TASK DIRECTIONS: Below are records; reproduce exactly the lines from the one that has "5 bed Semi-Detached for sale Image 8" through the one that has "Audi A4 S4 B5", ends included, and nothing more.

[Short descriptive text snippets]

========================================================================

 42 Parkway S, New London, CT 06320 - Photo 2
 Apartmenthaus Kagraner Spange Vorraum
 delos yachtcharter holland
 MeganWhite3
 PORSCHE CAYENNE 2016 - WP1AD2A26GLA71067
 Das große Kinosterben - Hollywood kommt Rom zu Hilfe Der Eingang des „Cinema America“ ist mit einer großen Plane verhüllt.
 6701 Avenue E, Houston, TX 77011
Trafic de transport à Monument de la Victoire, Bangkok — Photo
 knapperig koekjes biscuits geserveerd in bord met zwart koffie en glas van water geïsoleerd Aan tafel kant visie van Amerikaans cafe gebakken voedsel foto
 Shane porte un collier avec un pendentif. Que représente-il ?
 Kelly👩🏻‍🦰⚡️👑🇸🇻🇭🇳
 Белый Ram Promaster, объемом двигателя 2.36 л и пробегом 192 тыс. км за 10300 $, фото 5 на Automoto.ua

========================================================================

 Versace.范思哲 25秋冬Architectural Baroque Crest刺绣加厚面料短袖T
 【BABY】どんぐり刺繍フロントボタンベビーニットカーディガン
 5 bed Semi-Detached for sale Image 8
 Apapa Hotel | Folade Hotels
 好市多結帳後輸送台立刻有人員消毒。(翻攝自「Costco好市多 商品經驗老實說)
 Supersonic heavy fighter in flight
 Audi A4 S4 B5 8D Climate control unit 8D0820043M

========================================================================

ANSWER TO THIS TASK:
 5 bed Semi-Detached for sale Image 8
 Apapa Hotel | Folade Hotels
 好市多結帳後輸送台立刻有人員消毒。(翻攝自「Costco好市多 商品經驗老實說)
 Supersonic heavy fighter in flight
 Audi A4 S4 B5 8D Climate control unit 8D0820043M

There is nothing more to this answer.